▸ **Information supplied**
........

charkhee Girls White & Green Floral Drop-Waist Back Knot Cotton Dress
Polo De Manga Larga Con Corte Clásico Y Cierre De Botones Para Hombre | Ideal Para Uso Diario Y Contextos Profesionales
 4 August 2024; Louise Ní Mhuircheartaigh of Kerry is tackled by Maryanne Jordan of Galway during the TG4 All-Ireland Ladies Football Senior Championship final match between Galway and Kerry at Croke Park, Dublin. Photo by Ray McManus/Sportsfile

........

▸ **Your goal**
Every line of the data should be output exactly as it was given.

▸ **Your response**
charkhee Girls White & Green Floral Drop-Waist Back Knot Cotton Dress
Polo De Manga Larga Con Corte Clásico Y Cierre De Botones Para Hombre | Ideal Para Uso Diario Y Contextos Profesionales
 4 August 2024; Louise Ní Mhuircheartaigh of Kerry is tackled by Maryanne Jordan of Galway during the TG4 All-Ireland Ladies Football Senior Championship final match between Galway and Kerry at Croke Park, Dublin. Photo by Ray McManus/Sportsfile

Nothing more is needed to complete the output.